Direktur Eksekutif AAUI Bern Dwiyanto menyampaikan, selain SBN, instrumen deposito diperkirakan juga akan menjadi pilihan lainnya.
"Trennya kelihatan makin diminati oleh anggota kami. Meskipun demikian, tetap tergantung dari risk appetite tiap-tiap perusahaan asuransi umum anggota AAUI itu sendiri," ucapnya kepada Kontan.co.id, Senin (1/1).
Bern mengatakan ada sejumlah alasan perusahaan asuransi umum memilih SBN sebagai instrumen investasi.
Baca Juga: OJK Merilis POJK Asuransi Kredit, Ini yang Ingin Dibenahi
Menurutnya, SBN umumnya dianggap sebagai investasi yang lebih aman dibandingkan saham. Sebab, merupakan surat utang yang diterbitkan oleh pemerintah.

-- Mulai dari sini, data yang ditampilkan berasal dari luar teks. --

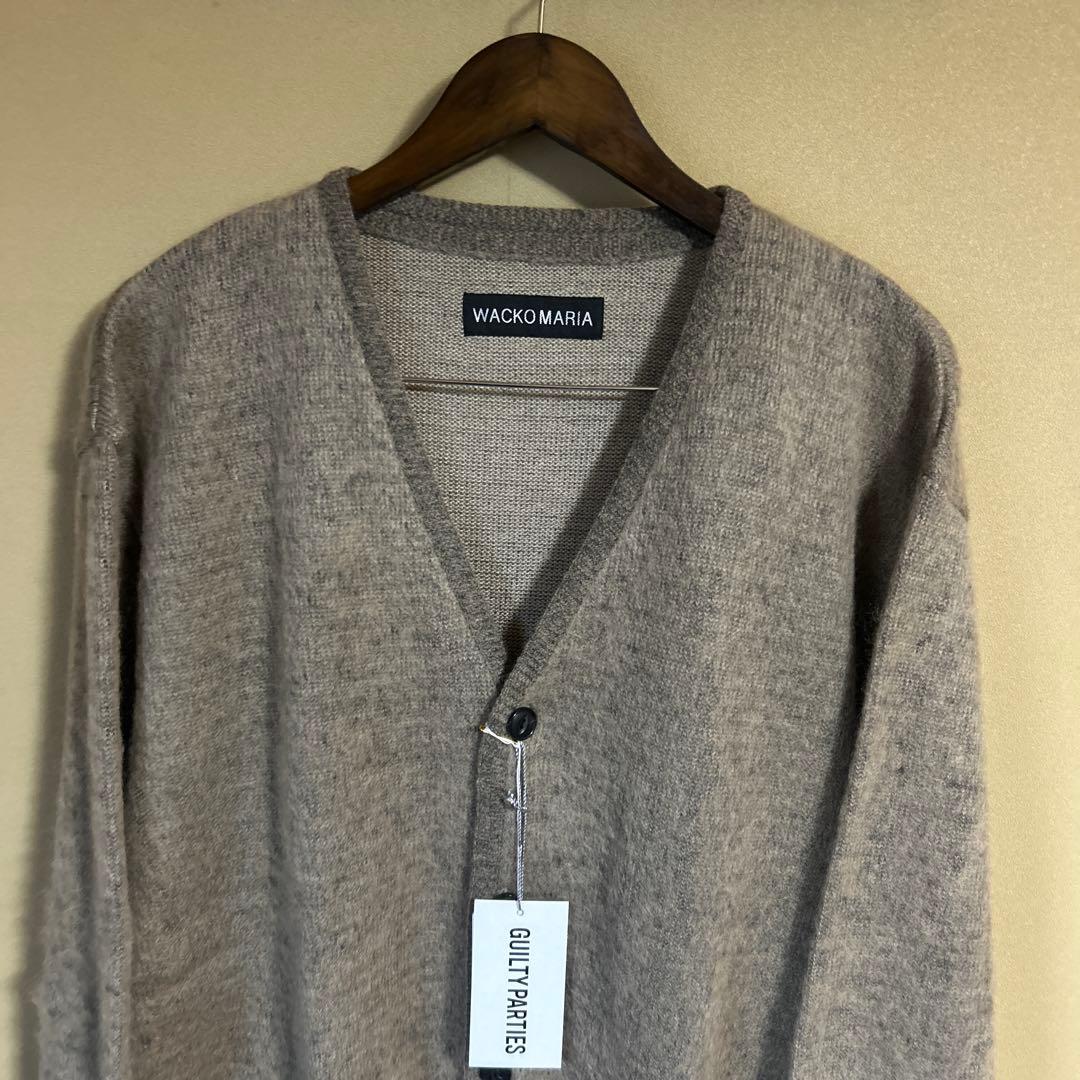 トップス WACKO MARIA MOHAIR CARDIGAN( TYPE-1 )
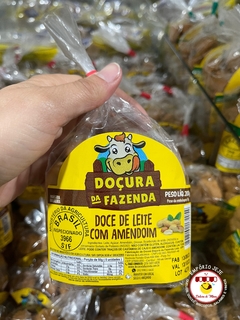 Doce de Leite em Cubos da Fazenda - loja online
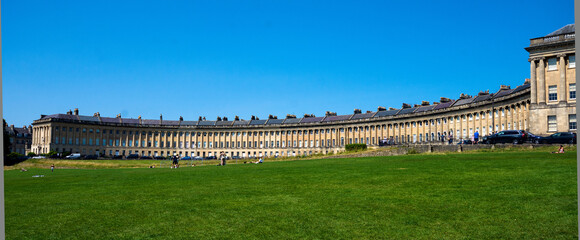 Royal Crescent, Bath, Somerset, UK. © Peter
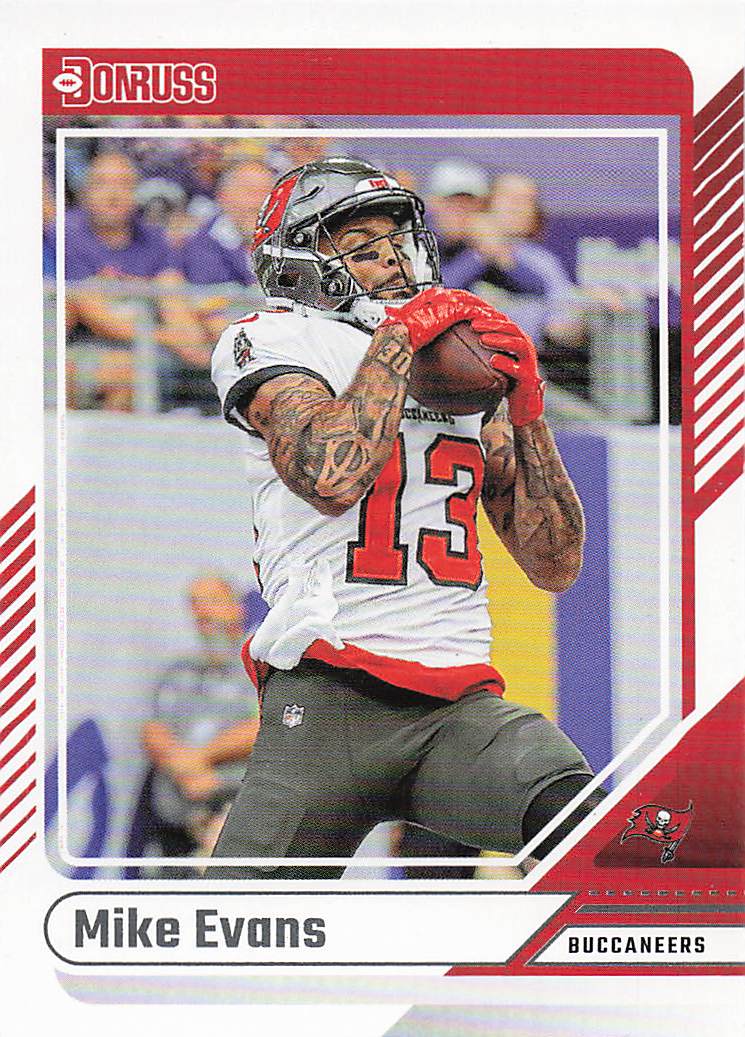 2024 Donruss Football Mike Evans #76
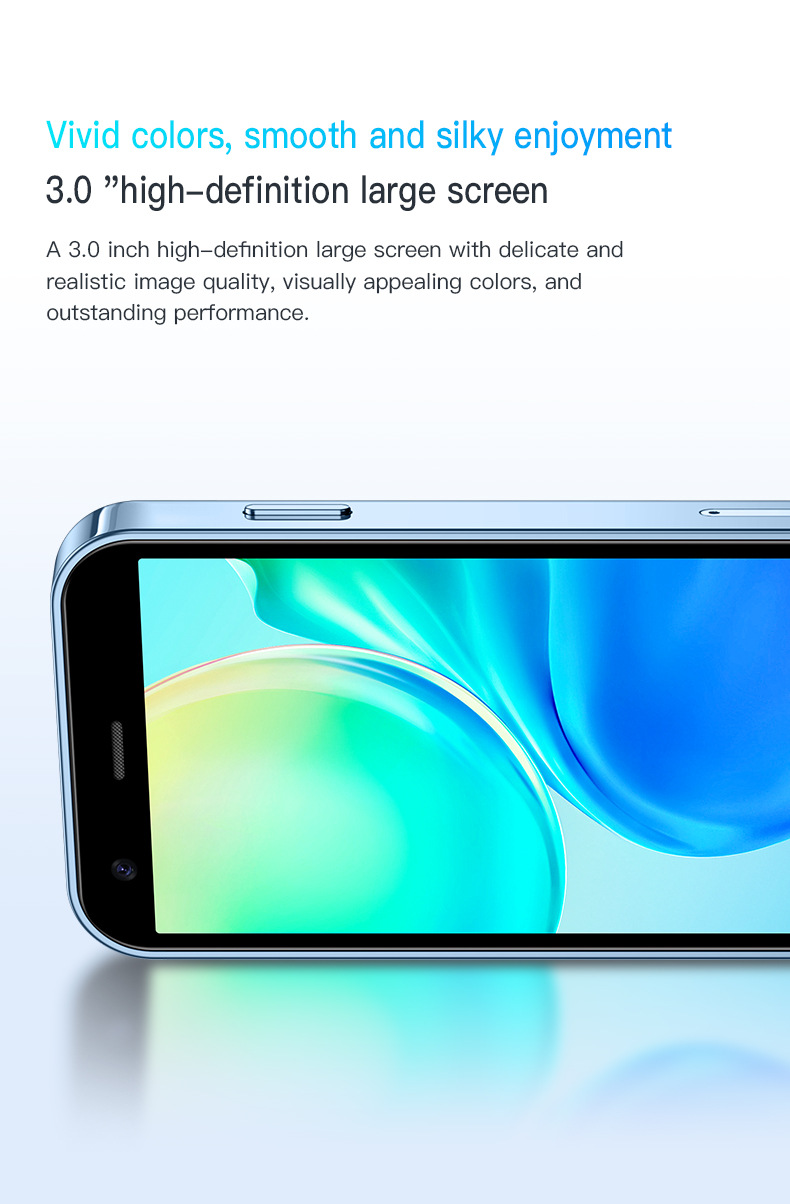 S23PRO & XS15 Mini Smart Small Mobile Phone 30 Screen 2G 16G Android 3G Network WIFI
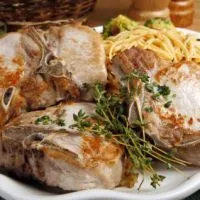 Wunderbares Schweinekotelett-Auflauf-Rezept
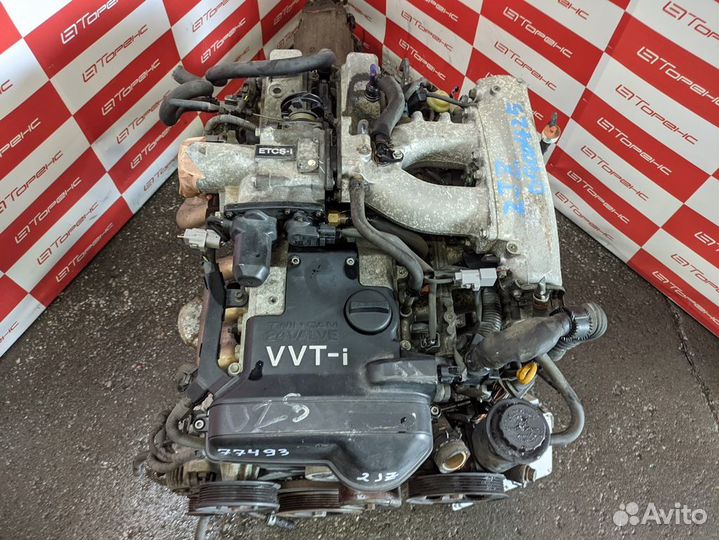 Двигатель 2JZ-GE на aristo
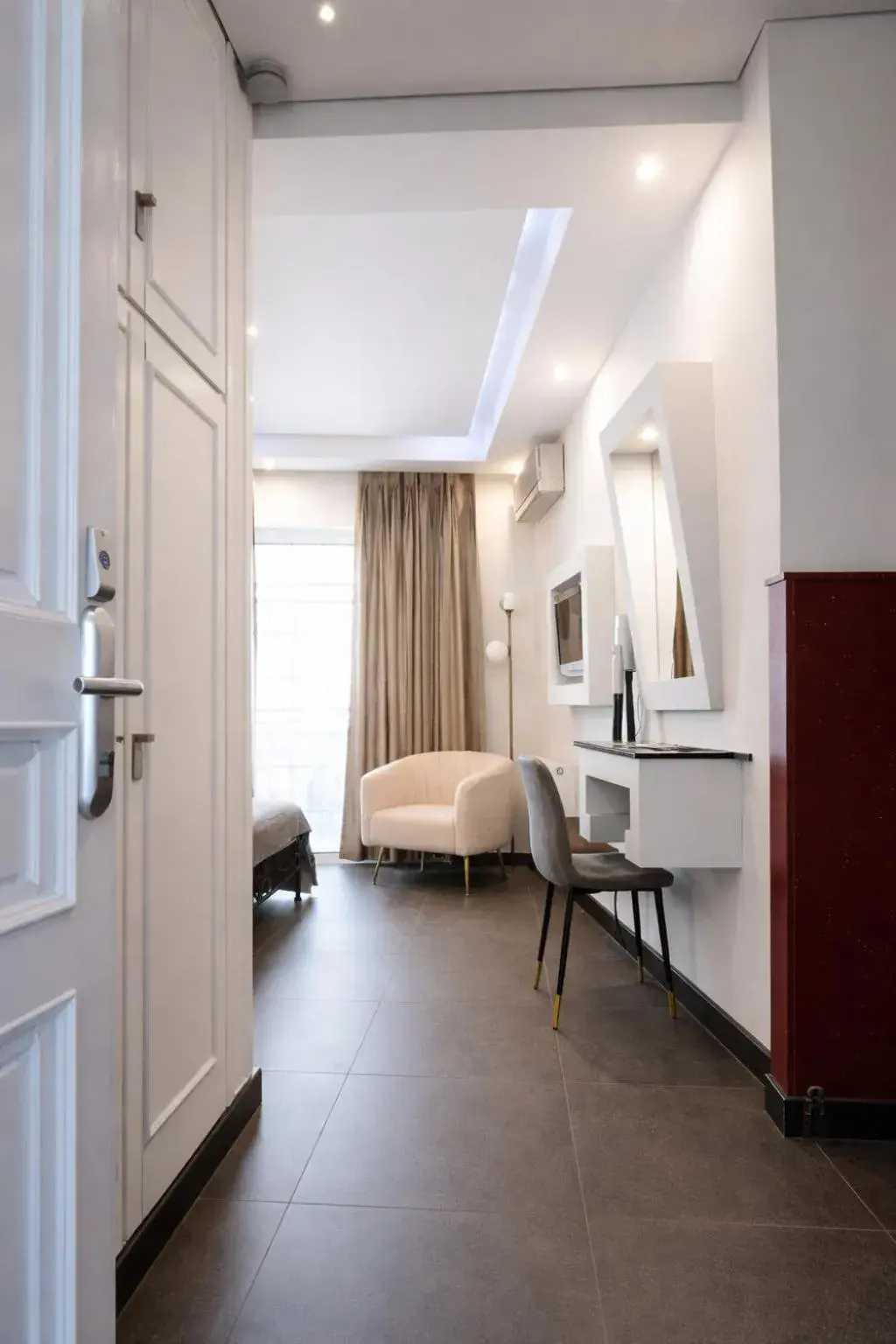 Deluxe Double Room in NOHO Boutique Koukaki , premium living Deluxe Double Room in NOHO Boutique Koukaki , premium living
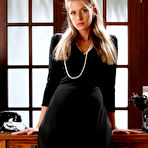 First pic of Hope Black Dress Office Fantasy - Cherry Nudes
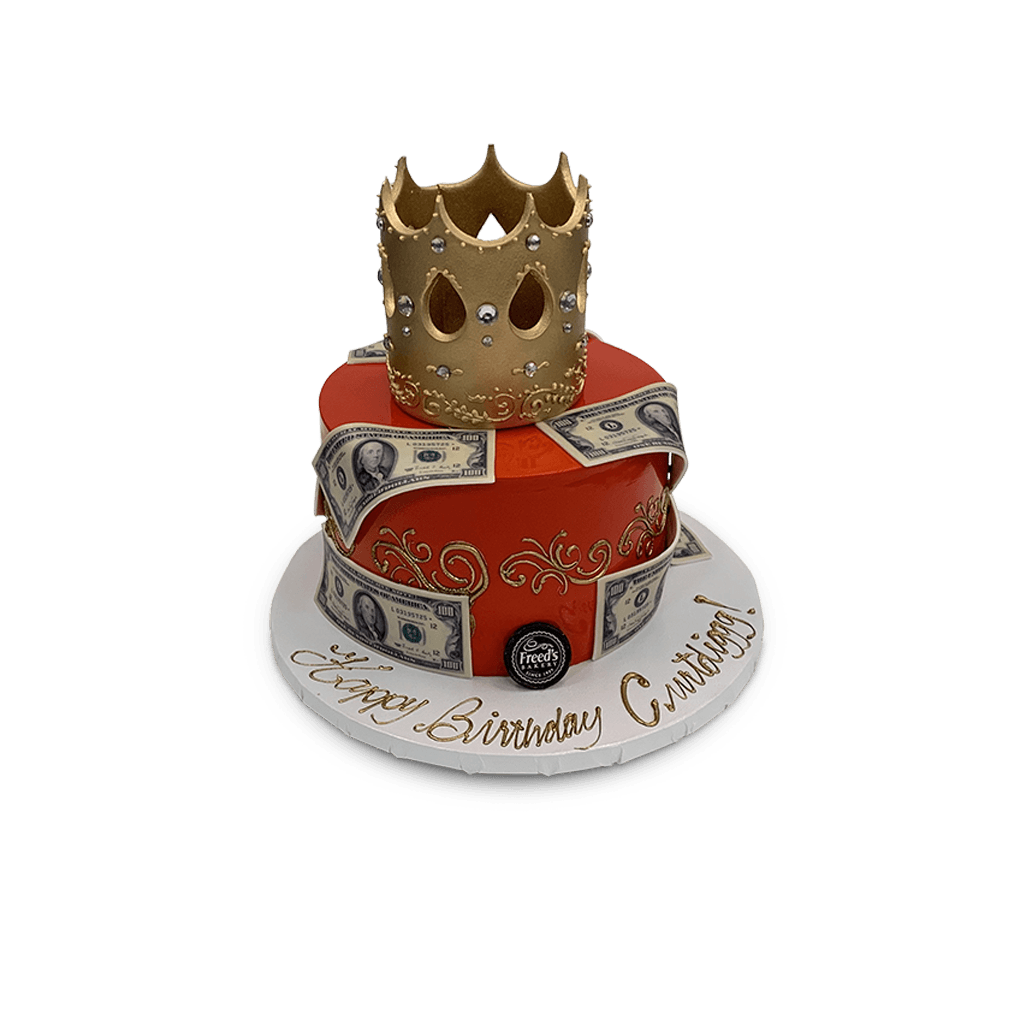 King Cash Cake Theme Cake Freed's Bakery
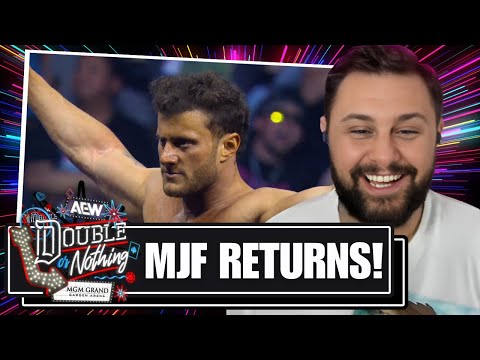 More Details On MJF’s AEW Return At Double Or Nothing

"Selain itu, imbal hasil SBN biasanya lebih stabil dan memiliki risiko yang lebih rendah daripada saham," ujarnya.
Bern menjelaskan SBN merupakan investasi paling aman karena dijamin negara, dalam arti perusahaan juga melakukan majemen risiko dalam hal penempatan investasi. Di samping itu, dia menyampaikan ada sejumlah keuntungan memilih investasi SBN.
Adapun sejumlah keuntungan tersebut, yakni pajak lebih rendah dari deposito, imbal hasil menarik, risiko investasi relatif rendah, aman dari fluktuasi pasar, terdapat fasilitas early redemption (pencairan lebih awal), hingga bentuk kontribusi untuk pembangunan negara.
Sebelumnya, AAUI menyebut sebagian besar atau 33,3% dari investasi industri asuransi umum ditempatkan di instrumen SBN dengan nilai Rp32,82 triliun hingga kuartal III 2023.
Baca Juga: AAUI Sebut Tidak Semua Produk Asuransi Dapat Didigitalisasi, Ini Alasannya
Adapun per kuartal III 2023, total investasi yang dilakukan industri asuransi umum mencapai Rp 98,64 triliun atau tumbuh 9,02% YoY, jika dibandingkan periode yang sama tahun sebelumnya sebesar Rp 90,47 triliun.
Selain itu, industri asuransi umum juga berinvestasi pada instrumen deposito, baik berjangka maupun sertifikat, dengan porsi sebesar 24% atau senilai Rp 23,69 triliun.